===== Exercise data =====

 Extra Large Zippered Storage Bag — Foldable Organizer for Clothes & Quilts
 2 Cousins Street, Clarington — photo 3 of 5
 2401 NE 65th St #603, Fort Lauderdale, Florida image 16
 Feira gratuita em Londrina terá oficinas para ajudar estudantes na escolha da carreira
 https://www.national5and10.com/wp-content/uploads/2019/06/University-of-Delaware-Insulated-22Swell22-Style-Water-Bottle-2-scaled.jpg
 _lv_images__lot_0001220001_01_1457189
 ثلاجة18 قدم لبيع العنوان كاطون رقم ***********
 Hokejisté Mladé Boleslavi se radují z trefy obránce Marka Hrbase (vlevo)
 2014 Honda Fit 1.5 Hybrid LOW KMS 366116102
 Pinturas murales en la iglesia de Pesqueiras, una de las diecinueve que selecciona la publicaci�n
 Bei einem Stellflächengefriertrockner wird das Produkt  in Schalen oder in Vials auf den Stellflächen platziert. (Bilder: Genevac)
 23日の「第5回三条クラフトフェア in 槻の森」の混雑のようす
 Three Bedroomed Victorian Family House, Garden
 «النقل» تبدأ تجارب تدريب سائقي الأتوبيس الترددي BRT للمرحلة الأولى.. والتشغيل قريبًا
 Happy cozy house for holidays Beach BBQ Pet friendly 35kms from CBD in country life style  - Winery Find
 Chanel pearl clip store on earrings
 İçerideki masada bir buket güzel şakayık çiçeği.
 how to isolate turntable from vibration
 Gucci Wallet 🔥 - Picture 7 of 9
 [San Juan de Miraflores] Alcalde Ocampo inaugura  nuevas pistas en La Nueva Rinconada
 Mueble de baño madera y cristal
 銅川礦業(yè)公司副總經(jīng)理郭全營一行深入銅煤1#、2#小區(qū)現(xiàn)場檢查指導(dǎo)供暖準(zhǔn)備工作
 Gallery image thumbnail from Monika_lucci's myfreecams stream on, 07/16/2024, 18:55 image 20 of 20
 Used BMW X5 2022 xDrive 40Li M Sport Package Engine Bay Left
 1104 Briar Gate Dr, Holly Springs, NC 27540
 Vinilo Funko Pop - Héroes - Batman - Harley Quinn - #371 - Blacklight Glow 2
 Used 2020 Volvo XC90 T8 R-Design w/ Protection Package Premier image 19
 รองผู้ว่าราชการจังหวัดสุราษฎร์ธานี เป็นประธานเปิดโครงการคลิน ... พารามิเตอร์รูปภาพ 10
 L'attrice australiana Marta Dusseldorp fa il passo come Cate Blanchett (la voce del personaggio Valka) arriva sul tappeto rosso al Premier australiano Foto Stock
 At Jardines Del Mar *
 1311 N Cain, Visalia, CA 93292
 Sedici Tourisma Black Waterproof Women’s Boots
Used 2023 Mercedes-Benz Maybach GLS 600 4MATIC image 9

=====

## [Assignment]
After locating the line containing "Used BMW X5", give that line and every later line of the listing again exactly, up to and including the last.

## [Result]
 Used BMW X5 2022 xDrive 40Li M Sport Package Engine Bay Left
 1104 Briar Gate Dr, Holly Springs, NC 27540
 Vinilo Funko Pop - Héroes - Batman - Harley Quinn - #371 - Blacklight Glow 2
 Used 2020 Volvo XC90 T8 R-Design w/ Protection Package Premier image 19
 รองผู้ว่าราชการจังหวัดสุราษฎร์ธานี เป็นประธานเปิดโครงการคลิน ... พารามิเตอร์รูปภาพ 10
 L'attrice australiana Marta Dusseldorp fa il passo come Cate Blanchett (la voce del personaggio Valka) arriva sul tappeto rosso al Premier australiano Foto Stock
 At Jardines Del Mar *
 1311 N Cain, Visalia, CA 93292
 Sedici Tourisma Black Waterproof Women’s Boots
Used 2023 Mercedes-Benz Maybach GLS 600 4MATIC image 9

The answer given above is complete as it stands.